• _Stored data_

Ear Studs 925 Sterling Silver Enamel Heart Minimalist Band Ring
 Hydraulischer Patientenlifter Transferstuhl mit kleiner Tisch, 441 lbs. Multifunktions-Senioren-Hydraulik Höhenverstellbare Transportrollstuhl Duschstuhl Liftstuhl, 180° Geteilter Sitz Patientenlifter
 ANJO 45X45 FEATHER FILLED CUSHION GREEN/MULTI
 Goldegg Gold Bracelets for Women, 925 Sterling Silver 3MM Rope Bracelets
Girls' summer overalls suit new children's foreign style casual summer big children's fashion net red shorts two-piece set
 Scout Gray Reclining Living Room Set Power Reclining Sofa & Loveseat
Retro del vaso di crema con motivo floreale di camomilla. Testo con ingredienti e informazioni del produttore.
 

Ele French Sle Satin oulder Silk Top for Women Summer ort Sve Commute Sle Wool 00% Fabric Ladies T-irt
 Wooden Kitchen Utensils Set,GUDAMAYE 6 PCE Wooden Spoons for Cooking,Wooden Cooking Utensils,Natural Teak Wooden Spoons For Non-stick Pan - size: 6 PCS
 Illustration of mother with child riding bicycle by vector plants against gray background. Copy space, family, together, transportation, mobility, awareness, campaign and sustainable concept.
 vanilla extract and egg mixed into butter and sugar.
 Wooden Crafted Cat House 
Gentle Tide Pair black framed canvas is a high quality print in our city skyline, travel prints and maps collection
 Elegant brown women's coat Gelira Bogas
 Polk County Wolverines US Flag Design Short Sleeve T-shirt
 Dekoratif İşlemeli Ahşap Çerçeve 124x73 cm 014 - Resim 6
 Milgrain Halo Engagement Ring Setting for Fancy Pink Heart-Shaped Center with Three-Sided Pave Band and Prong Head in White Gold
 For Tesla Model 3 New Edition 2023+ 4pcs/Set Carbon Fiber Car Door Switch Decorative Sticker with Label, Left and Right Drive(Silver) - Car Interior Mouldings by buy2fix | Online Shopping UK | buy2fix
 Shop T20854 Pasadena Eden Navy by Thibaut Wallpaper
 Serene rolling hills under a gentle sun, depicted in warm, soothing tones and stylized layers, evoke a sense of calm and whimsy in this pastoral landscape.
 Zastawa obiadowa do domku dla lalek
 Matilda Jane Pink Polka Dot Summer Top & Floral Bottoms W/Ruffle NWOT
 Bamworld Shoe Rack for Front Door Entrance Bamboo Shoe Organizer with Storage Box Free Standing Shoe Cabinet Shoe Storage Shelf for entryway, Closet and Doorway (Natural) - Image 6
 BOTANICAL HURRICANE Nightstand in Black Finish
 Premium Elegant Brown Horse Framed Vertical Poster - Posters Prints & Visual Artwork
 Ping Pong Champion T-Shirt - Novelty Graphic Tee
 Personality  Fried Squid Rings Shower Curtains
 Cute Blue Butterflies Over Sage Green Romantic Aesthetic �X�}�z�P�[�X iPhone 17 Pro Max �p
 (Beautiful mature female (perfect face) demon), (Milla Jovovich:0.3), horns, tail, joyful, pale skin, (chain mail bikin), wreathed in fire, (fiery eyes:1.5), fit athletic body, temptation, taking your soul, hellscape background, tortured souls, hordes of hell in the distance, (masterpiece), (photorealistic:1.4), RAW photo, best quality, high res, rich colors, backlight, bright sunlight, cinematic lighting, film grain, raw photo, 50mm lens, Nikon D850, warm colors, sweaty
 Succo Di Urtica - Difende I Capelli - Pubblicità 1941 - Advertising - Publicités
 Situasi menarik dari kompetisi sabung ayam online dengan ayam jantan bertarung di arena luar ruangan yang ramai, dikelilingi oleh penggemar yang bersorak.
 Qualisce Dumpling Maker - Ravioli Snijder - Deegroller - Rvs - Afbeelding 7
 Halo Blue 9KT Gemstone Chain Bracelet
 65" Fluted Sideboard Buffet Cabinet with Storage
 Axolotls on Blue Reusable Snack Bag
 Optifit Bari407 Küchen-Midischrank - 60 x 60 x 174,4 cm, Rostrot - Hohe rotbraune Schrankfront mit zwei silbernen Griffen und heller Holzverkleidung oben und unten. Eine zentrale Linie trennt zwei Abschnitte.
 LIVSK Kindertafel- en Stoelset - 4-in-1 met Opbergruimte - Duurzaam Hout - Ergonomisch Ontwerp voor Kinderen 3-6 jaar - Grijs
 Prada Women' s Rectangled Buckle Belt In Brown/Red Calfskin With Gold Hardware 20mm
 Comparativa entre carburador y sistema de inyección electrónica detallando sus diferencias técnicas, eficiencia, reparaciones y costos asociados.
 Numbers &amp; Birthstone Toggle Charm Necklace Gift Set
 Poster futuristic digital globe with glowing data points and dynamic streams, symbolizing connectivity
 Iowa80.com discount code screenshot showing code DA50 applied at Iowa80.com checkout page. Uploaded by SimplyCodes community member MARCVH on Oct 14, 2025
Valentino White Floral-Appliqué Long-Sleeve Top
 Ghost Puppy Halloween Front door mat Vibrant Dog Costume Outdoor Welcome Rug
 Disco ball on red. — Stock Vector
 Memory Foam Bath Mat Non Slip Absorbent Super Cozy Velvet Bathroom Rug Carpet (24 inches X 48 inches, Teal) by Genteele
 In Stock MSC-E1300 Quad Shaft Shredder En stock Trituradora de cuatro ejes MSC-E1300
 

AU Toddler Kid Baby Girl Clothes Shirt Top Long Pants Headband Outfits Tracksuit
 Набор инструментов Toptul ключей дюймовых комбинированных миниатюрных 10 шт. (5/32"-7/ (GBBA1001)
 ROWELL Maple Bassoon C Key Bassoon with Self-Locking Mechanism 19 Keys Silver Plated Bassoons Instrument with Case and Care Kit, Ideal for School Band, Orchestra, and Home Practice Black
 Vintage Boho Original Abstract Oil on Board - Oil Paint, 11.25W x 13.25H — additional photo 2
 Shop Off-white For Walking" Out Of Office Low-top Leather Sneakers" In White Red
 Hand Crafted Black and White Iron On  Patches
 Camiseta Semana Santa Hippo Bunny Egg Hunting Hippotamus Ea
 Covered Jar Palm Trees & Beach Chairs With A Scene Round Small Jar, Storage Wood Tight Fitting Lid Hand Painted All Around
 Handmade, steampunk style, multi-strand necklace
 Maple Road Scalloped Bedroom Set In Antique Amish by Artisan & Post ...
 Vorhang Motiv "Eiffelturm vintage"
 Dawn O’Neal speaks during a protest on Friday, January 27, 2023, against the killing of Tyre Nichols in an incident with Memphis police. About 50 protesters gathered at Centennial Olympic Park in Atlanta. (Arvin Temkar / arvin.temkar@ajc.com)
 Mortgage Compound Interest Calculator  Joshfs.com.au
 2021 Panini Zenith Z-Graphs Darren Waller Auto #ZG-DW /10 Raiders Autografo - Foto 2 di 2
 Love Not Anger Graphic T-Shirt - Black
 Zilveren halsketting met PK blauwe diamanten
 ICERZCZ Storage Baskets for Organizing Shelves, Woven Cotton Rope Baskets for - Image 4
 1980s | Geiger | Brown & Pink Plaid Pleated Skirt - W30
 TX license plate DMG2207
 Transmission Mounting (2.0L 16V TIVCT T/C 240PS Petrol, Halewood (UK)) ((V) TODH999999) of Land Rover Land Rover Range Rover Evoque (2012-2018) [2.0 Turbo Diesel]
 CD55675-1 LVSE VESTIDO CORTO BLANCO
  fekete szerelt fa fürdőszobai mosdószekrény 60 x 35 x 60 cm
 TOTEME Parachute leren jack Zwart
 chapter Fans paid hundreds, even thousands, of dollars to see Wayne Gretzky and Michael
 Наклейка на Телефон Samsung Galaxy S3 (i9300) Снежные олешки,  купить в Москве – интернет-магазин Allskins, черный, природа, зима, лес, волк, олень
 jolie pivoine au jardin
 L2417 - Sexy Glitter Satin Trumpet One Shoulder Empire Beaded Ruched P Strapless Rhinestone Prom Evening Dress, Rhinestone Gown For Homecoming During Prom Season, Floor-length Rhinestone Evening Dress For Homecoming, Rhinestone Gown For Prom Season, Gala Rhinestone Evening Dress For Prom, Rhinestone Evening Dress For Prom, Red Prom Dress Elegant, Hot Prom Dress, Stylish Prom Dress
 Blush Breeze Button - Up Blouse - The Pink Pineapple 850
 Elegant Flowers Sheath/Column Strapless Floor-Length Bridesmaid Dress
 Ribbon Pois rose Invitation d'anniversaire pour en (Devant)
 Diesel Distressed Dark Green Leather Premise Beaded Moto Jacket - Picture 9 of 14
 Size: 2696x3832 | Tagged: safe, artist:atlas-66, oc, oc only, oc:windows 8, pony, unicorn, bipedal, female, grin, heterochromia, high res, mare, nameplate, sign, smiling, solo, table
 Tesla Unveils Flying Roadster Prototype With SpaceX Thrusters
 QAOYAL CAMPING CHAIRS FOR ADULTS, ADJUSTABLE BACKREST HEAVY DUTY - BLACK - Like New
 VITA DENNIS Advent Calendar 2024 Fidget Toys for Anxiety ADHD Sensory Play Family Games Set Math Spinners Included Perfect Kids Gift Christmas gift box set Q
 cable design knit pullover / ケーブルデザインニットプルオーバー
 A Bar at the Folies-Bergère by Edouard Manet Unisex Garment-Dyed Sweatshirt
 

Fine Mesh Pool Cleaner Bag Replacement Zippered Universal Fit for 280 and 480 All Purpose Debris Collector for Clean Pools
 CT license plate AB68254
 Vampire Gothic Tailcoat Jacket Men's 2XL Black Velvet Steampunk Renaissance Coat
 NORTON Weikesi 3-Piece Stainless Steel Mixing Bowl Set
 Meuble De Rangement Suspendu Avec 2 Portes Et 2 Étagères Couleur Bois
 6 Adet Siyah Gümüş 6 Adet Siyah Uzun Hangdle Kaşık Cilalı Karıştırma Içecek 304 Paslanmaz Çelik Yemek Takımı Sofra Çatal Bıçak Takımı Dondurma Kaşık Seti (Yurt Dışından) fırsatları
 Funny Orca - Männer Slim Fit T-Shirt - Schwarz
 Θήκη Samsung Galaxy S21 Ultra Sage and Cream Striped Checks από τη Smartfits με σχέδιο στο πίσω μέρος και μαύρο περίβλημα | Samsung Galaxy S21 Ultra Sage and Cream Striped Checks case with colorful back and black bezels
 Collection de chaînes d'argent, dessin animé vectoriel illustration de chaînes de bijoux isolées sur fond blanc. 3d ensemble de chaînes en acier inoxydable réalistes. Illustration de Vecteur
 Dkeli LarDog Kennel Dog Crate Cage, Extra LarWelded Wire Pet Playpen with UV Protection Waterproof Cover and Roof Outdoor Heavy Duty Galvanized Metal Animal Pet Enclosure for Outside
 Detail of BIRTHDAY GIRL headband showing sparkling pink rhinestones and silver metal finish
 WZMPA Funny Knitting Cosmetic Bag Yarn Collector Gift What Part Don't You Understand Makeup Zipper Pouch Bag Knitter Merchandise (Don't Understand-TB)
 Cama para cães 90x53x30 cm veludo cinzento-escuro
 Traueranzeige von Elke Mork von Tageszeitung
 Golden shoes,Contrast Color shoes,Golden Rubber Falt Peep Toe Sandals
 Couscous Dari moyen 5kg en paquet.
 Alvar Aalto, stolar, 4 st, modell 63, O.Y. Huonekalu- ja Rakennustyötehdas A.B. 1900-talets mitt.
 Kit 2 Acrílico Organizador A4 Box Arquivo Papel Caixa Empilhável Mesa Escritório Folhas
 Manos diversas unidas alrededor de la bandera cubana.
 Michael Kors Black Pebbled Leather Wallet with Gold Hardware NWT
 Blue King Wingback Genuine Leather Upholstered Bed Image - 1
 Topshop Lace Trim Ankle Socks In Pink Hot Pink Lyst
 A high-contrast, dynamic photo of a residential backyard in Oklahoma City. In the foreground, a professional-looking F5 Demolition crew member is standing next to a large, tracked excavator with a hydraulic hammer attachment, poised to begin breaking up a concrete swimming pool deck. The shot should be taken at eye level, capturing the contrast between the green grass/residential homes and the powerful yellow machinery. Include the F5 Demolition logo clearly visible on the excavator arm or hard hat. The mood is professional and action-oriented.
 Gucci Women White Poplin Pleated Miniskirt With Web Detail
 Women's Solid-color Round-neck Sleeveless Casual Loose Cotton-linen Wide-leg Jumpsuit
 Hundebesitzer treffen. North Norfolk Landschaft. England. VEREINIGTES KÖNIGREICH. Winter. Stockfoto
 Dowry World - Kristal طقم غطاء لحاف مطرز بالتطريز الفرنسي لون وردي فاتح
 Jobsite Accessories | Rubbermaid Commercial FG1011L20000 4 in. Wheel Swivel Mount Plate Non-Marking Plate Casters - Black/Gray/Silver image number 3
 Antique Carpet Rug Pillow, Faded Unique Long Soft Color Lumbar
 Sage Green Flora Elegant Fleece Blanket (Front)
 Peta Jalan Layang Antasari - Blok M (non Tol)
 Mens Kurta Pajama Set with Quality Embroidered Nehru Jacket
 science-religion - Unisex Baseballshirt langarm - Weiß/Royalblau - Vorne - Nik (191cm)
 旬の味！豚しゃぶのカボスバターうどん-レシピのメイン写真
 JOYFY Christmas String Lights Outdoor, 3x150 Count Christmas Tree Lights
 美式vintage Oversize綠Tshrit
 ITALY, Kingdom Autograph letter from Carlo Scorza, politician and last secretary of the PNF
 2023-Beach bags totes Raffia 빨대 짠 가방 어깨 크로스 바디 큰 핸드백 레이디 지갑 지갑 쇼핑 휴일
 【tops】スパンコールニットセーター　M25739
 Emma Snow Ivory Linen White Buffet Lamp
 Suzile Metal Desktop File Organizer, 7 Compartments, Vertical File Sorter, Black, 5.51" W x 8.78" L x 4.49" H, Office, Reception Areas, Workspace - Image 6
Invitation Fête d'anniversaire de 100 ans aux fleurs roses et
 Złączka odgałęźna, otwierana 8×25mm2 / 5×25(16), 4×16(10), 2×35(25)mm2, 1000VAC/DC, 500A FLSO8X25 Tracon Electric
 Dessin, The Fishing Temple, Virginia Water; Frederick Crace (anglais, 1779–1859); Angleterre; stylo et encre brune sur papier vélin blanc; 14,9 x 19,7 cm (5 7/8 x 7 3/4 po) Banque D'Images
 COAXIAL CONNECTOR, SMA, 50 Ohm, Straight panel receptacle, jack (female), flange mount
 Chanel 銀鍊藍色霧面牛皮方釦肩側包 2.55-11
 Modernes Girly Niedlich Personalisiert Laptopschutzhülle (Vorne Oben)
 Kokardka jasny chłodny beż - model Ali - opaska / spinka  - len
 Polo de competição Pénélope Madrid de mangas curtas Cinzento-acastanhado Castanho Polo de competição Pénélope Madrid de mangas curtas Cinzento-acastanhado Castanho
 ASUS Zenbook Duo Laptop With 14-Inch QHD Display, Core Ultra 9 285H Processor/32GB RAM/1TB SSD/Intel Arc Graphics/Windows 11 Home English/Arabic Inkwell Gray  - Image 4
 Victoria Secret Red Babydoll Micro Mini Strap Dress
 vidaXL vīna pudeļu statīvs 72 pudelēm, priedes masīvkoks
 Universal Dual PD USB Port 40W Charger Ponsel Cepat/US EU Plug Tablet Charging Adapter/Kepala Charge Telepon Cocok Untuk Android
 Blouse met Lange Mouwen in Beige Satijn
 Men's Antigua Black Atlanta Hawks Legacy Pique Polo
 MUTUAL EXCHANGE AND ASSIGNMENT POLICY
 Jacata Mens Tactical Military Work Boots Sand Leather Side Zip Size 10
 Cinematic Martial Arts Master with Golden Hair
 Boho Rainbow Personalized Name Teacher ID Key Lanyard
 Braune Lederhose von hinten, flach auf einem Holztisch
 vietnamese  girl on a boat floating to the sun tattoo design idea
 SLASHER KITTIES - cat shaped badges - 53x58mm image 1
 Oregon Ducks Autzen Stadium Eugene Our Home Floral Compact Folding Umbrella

• _Work to complete_
Exactly as written, repeat each line from the beginning of the data above to the line containing "Hydraulischer Patientenlifter Transferstuhl", inclusive.

• _Written answer_
Ear Studs 925 Sterling Silver Enamel Heart Minimalist Band Ring
 Hydraulischer Patientenlifter Transferstuhl mit kleiner Tisch, 441 lbs. Multifunktions-Senioren-Hydraulik Höhenverstellbare Transportrollstuhl Duschstuhl Liftstuhl, 180° Geteilter Sitz Patientenlifter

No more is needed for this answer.